Accomplishing anything requires the combination of responsibility and authority. Unfortunately, when you're trying to lead from inside an organization, you don't technically have either. What you need to do is learn how to achieve something as a leader. This means finding a way to create influence and bring others in the organization in concert with what you're trying to achieve — a complex solution.
Initiative Becomes Influence
You can gain influence by being willing to work. That can mean taking on jobs that no one else wants to handle. It also means working beyond the description of your position, helping others when and where you can, pushing projects though to completion, and even taking some risks.
When growing a crystal, you start with a small piece of well-formed structure, called a seed crystal, in a liquid saturated in the material you want to crystallize. The seed crystal acts like a model, providing the foundation for a larger structure that sets the pattern of growth. You want your initiative to become a seed crystal.
What you are doing is creating an atmosphere conducive to gaining the cooperation of others. Willingness is an attractive characteristic in the broadest sense. It gets people to act in compatible ways. Your active support of the team and its goals calls forth similar action in others. In that way, they willingly put themselves at the service of what you are trying to do because in that way, they are connected to meaning.

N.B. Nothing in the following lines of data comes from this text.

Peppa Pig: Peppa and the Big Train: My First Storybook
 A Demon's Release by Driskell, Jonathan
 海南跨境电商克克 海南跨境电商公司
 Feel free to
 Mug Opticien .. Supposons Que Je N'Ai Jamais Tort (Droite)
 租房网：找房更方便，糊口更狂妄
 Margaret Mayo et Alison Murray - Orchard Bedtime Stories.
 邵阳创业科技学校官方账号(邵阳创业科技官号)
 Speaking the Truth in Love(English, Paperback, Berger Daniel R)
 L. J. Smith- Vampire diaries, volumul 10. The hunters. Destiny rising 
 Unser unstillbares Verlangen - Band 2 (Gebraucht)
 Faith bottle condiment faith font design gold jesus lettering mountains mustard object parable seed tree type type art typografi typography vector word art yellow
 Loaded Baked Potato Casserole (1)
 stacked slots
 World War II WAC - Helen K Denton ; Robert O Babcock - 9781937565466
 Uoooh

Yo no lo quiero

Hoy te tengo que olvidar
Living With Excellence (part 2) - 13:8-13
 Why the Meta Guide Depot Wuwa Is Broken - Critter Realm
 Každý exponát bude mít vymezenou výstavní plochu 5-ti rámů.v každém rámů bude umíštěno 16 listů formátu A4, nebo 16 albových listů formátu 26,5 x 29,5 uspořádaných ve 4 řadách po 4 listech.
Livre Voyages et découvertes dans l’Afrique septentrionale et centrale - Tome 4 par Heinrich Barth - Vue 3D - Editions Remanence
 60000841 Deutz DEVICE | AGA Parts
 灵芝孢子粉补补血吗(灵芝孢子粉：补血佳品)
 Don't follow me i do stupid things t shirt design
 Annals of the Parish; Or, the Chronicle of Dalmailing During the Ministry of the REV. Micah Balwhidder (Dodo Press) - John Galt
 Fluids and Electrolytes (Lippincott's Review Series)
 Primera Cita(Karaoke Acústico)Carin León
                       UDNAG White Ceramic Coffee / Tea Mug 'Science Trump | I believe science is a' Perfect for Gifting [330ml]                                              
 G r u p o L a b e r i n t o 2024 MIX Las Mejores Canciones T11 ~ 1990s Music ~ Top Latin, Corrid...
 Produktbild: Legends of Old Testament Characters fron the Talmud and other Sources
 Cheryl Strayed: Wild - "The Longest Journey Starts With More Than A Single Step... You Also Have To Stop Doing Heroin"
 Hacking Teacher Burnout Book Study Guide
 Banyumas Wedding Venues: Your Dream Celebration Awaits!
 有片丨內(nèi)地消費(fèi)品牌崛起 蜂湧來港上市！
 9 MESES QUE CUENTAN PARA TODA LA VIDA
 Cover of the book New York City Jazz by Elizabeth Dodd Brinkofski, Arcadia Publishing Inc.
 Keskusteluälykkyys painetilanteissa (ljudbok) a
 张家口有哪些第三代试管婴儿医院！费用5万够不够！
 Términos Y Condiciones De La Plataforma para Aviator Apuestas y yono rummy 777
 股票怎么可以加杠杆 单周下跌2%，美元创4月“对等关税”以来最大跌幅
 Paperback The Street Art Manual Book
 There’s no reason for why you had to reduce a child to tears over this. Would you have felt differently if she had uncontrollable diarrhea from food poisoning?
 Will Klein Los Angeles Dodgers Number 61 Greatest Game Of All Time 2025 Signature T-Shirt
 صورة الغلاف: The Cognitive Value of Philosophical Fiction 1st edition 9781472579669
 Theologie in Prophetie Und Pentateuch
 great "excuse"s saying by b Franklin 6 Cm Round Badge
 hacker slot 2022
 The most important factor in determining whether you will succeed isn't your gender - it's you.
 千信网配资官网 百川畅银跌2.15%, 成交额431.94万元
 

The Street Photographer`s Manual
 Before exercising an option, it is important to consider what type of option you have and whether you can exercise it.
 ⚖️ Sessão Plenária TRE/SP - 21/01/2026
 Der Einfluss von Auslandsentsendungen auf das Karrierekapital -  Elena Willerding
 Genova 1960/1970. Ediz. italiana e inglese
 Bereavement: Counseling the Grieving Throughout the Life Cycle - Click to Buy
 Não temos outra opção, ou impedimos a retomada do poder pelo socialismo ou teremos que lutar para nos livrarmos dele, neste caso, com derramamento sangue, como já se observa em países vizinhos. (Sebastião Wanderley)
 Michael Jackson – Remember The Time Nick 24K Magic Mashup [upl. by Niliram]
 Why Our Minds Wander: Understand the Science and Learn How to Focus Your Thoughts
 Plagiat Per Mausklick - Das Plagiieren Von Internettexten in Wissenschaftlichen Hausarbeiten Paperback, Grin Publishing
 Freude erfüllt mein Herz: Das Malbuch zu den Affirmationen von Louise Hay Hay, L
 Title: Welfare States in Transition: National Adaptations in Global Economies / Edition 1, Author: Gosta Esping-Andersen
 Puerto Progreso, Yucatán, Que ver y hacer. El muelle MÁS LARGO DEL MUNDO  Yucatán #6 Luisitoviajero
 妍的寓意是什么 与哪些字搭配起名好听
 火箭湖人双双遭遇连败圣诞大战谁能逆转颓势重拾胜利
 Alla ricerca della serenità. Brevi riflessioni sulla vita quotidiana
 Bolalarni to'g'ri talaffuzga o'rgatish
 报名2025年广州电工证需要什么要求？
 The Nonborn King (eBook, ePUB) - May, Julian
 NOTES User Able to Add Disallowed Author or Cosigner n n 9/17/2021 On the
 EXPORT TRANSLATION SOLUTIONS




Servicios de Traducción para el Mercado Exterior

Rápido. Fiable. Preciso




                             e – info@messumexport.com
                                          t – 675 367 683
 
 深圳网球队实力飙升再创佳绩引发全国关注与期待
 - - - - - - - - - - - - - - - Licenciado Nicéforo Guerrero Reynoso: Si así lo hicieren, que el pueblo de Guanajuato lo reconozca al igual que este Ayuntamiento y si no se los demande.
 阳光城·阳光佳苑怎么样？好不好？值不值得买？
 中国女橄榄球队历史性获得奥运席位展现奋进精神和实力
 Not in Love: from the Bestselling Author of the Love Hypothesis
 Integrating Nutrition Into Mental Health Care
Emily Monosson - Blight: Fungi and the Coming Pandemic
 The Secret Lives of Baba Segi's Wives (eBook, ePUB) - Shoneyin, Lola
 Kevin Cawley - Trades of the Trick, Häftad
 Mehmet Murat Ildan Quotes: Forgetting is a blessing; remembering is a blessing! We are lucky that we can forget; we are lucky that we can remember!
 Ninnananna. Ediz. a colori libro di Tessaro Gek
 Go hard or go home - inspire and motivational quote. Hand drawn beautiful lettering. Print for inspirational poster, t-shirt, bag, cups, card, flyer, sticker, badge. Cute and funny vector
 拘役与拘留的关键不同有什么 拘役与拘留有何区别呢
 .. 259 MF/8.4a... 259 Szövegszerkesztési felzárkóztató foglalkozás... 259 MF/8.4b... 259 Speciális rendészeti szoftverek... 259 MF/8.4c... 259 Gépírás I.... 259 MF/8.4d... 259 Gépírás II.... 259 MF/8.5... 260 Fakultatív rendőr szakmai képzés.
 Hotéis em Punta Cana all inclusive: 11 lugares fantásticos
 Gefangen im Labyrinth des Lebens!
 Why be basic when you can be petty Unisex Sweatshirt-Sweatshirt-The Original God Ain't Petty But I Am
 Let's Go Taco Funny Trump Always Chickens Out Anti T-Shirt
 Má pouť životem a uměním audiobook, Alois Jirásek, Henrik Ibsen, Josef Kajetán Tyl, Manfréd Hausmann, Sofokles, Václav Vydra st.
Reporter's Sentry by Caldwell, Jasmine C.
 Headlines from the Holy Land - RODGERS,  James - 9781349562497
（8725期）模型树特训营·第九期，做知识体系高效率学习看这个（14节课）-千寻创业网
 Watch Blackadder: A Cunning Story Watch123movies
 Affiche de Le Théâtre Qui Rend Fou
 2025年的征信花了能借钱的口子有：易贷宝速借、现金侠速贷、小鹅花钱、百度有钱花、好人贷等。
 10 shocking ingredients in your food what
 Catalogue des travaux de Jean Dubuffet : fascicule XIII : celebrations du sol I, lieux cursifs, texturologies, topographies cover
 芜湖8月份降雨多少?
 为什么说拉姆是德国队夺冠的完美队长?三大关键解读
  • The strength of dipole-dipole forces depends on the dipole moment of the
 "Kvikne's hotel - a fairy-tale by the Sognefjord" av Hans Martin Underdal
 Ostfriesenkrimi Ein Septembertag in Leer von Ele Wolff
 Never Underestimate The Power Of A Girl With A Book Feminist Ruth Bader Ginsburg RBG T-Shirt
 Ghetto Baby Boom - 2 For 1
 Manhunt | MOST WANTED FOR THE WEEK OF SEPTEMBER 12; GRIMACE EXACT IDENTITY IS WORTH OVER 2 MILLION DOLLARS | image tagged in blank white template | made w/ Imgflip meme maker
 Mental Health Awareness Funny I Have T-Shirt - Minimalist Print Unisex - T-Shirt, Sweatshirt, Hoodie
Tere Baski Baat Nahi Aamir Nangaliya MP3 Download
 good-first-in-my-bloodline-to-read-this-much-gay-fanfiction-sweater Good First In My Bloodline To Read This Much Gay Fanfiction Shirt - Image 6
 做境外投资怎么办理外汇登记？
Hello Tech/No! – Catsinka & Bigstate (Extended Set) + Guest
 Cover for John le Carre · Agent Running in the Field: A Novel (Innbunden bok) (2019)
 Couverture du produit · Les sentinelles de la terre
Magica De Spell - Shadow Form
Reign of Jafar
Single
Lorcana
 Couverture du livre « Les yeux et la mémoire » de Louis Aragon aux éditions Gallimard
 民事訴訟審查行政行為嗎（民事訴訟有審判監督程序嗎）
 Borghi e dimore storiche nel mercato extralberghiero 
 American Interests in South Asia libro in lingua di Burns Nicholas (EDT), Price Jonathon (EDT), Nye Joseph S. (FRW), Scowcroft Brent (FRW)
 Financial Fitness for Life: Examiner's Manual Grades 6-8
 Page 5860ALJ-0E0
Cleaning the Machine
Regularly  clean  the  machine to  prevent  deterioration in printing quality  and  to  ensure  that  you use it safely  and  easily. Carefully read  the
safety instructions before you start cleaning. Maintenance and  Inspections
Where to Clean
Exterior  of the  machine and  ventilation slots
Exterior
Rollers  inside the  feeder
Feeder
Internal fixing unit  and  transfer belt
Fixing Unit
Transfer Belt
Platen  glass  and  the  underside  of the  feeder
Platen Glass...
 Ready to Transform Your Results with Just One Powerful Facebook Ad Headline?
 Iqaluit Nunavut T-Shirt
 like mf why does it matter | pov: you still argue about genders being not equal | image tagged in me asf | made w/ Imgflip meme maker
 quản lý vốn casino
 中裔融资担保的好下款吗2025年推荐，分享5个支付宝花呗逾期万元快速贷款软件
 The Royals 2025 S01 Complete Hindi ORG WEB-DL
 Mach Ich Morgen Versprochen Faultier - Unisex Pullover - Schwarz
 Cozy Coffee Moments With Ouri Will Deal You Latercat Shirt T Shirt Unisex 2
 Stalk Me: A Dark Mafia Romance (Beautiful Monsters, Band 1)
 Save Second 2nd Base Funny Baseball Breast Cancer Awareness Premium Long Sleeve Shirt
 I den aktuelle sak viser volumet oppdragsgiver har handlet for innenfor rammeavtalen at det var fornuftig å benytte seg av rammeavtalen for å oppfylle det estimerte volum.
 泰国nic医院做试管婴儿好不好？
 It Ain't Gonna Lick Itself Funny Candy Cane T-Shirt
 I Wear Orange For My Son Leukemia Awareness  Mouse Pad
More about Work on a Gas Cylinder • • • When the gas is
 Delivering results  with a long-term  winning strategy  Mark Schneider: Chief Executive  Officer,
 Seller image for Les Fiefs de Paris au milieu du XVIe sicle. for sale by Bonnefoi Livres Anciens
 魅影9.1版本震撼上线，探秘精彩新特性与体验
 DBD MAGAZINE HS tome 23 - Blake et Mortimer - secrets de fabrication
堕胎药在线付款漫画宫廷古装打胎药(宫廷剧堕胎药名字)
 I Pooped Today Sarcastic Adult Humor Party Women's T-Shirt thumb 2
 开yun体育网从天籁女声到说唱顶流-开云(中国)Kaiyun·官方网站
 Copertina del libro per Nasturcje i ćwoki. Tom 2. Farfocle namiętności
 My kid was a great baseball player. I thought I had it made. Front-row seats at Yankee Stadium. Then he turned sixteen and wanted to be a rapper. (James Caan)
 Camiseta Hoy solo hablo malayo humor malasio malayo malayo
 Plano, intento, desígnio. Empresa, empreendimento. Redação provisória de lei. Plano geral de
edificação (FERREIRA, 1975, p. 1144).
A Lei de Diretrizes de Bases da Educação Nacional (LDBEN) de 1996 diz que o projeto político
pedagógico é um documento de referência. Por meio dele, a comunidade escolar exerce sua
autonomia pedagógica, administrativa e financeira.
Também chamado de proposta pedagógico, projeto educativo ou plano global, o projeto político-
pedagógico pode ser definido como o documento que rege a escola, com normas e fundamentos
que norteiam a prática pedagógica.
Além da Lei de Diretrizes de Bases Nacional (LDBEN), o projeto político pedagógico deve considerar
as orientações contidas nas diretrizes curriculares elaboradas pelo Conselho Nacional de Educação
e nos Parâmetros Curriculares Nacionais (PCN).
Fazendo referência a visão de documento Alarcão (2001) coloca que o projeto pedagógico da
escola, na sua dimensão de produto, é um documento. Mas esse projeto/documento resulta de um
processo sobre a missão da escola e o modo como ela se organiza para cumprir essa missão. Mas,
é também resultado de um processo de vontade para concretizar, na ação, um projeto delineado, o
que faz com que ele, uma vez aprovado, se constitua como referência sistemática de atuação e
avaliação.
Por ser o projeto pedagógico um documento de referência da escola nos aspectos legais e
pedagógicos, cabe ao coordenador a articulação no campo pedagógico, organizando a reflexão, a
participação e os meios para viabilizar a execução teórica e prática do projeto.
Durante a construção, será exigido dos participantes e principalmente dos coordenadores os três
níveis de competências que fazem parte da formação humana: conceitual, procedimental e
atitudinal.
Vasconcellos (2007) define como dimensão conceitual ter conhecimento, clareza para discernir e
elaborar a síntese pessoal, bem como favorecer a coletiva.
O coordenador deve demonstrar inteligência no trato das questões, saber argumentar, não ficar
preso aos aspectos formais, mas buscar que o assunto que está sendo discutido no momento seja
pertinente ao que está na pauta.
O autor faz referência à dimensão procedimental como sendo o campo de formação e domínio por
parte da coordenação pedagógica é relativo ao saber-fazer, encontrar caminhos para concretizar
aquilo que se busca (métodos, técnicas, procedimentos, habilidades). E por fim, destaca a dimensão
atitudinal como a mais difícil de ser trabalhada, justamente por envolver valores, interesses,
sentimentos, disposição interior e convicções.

When you work to help achieve principles and goals that are larger than yourself, you're acting as an advocate for them. You can become the living embodiment as you try to bring them into existence. But you cannot do that unthinkingly. If you are going to be an advocate, you must be an educated one. Learn about the organization — its structure, hierarchy, and culture. Extend that knowledge outward to other areas that might apply to what you're doing.
Take Advantage of Organizational Values
Many organizations come up with grand-sounding sets of principles and intents. Sadly, this is often nothing more than talk. But it doesn't have to be that way. Specifically, you can take personal responsibility for implementing the values and putting them into practice. That helps the organization find its way. You help it start to actualize its aspirations — what it says it wants to be. When you connect action with highest principles, you create meaning, and that brings motivation into play.
In virtually every organization, people are dying — on the inside, at least — for something that has meaning. When you take a stand for something meaningful, you spark the hope and imagination of everyone else. When that happens, you'll find massive amounts of goodwill and help.
There is another practical advantage to embodying organizational values. It gets very tough for people at the top of the organization to push out those who are everything the group claims to be. You insulate yourself to a surprising degree from managerial reaction because people in power can't really take an obvious stand against what they said they stand for.